Bank regulation needed to protect consumers
Sales incentives offered to bank staff increased the risk of customers being mis-sold products, review finds.
Consumer NZ wants regulation of the banking industry to be strengthened to protect customers from being sold products they don’t need.
Consumer NZ chief executive Sue Chetwin said the joint review of the industry by the Reserve Bank and Financial Markets Authority showed banks were doing little to monitor whether products were suitable for their customers.
Released today, the review found the risk of customers being mis-sold products was increased by sales incentives offered to staff.
Ms Chetwin backed the review’s call for banks to drop incentives tied to sales. “If they’re not going to remove them, they need to show how they can manage the inherent conflicts of interest these inducements create. We doubt they can.”
Regulation to address the “significant weaknesses” in banks’ governance and management of conduct risks is also needed, she said.
“The review found many banks were relying on customer complaints to identify problems. But there were serious shortfalls with the complaints systems in some cases. The processes for whistle-blowers to come forward and raise issues were also poor.”
Failures in banks’ management of their processes had resulted in customers being charged interest or fees when they shouldn’t have been.
Ms Chetwin said legislative gaps meant regulators weren’t doing the monitoring needed to assess banks’ conduct and give consumers confidence their interests were being protected.
Consumer NZ supported recommendations to give regulators stronger monitoring powers and require banks to protect customer interests.
“Banks are making record profits.

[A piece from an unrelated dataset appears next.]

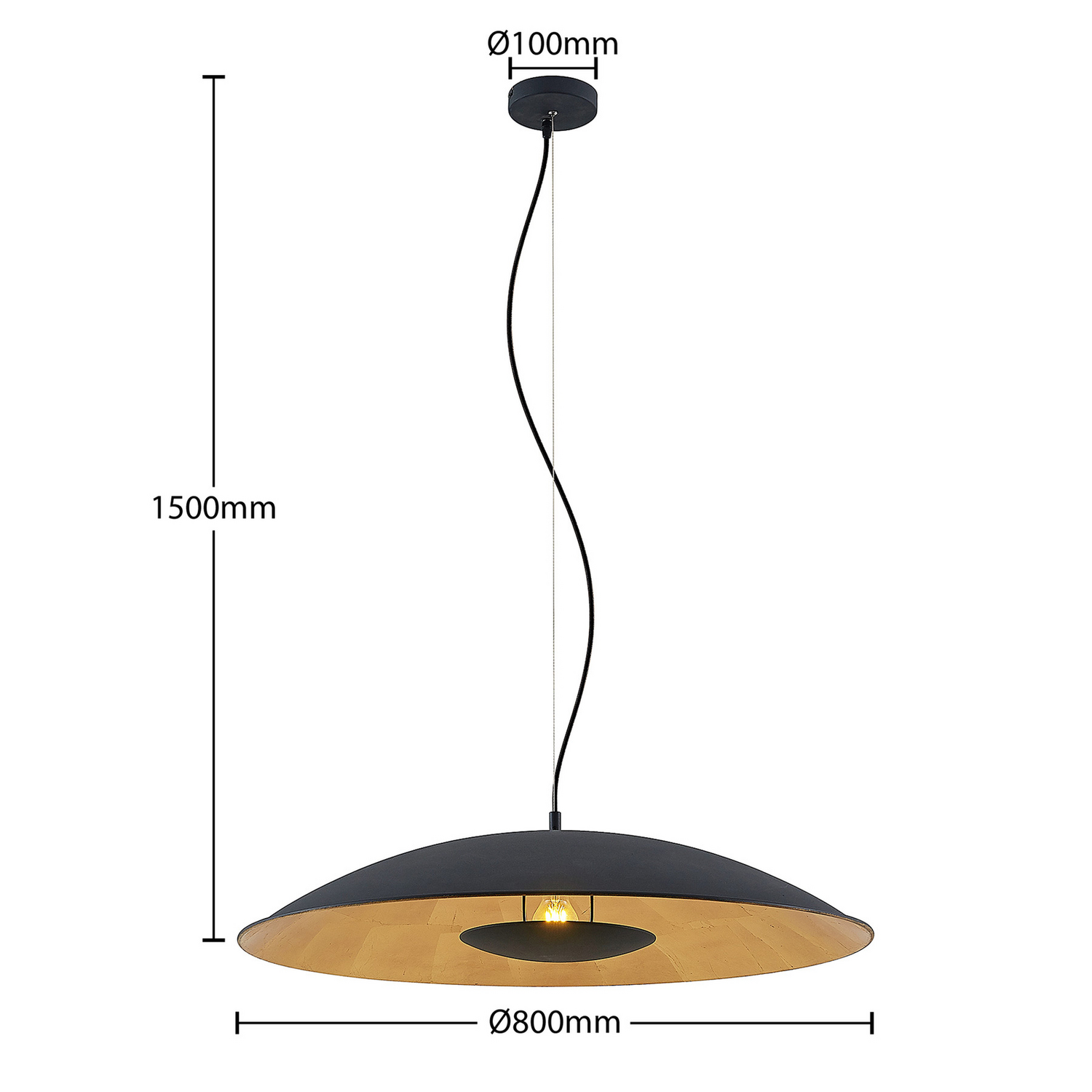 Lindby Narisara Hängeleuchte Hängelampe Lampe 1 Flammig E27 ø 80 Cm Schwarz Gold B-Ware - 4251911713572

Consumers need to know whether these profits are resulting from the sale of poor value products that may result in customers unnecessarily taking on debt.”
Ms Chetwin said Consumer NZ’s own survey research found one in four consumers had been offered unsolicited products by their bank.
“In many cases, the consumer didn’t need or want the product, and you’ve got to question whether the only reason it was offered was because the sales rep had a target to meet.
“Sales incentives are not only inconsistent with banks' responsible lending obligations, they expose consumers to the risk they will be sold junk products.”